Wanhua Chemical is known as the "Huawei of the chemical industry", and its MDI production is well-known all over the world.
Recently, the news that Wanhua Chemical Group ordered four 99,000 cubic meters of super-large ethane transport ships to Jiangnan Shipyard for 512 million US dollars (equivalent to about 3.2 billion yuan) has also attracted widespread attention inside and outside the industry.
Many netizens commented: Is Wanhua Chemical going to be the rhythm of the shipowner?
In fact, charter ships are a more common way in the industry, such as satellite chemistry, which also relies heavily on super-large ethane carriers, it is leased rather than directly ordered.
Because not to mention the high purchase cost of ships, from the perspective of utilization alone, owned ships are actually not cost-effective. In addition, post-maintenance and related labor is also a large expense, and once the operation is not good, it will become a bottomless pit.
VLECB cabin
So why did Wanhua Chemical spend thousands of dollars to buy a ship?
The first thing that comes to mind is its own needs.
It is understood that in 2021 alone, Wanhua Chemical achieved a net profit of 24 billion yuan to 25.2 billion yuan, an increase of 139% to 151% year-on-year. According to its announcement, the performance growth is mainly due to the global economic recovery, the boost of market demand, the price increase of chemical products, and the company's MDI technical transformation, new production capacity such as ethylene, and new equipment put into operation.
In connection with the super-large ethane transport ship ordered this time, Frontier Jun speculates that it is likely to have a large relationship with its new production capacity such as MDI technical transformation and ethylene.
Because of the increase in market demand, wanhua chemical production capacity is stimulated, but in order to prevent shipping from "stuck neck", the logic of self-purchase of ships works.
But in the process of understanding "Wanhua's entry into shipping", Qianfengjun felt a little confused.
First, in 2020, Wanhua Chemical formed AW Shipping Limited as a joint venture with a subsidiary of Abu Dhabi National Petroleum Corporation (ADNOC).
Could it be that this purchase of the ship is Wanhua's intention to enter the shipping market in the overall situation?
But Frontier Jun saw something different in the subsidiary agreement formed by Wanhua, that is, the agreement stipulated that the company would transport LPG goods and other petroleum products from ADNOC and global suppliers to Wanhua Group's manufacturing bases in China and around the world.
That is to say, for Wanhua, the greatest significance of AW Shipping Limited is to build a feasible and stable raw material channel.
From this logic, this is a primary and secondary issue in the shipping and chemical industries. It is speculated that Wanhua Chemical is obviously unreliable because it sees profits in investing in ships and then builds its own fleet.
And if Wanhua builds its own fleet to share a piece of the pie just because it wants to earn money for shipping, it is likely to destroy the friendship between the two sides of the cooperation.

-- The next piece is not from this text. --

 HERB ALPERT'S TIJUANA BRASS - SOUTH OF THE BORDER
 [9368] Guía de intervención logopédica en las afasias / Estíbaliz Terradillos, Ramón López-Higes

What is Wanhua's real intention to buy a ship?
In addition, the five 86,000 cubic meter dual-fuel VLGC series vessels ordered by AW Shipping Limited will be delivered as early as the third and fourth quarters of this year, and the other two ships will not be delivered until January and March 2023.
For the new super-large ethane carriers ordered by Fenwanhua Chemical, the first batch of 2 new ships will be delivered in 2025, which is later than the delivery time of AW Shipping Limited.
Frontier Jun believes that wanhua chemical's biggest move is to use it as a reserve and prepare for expanding international cooperation, rather than spreading the news that Wanhua will transform into a ship. What do you think about that?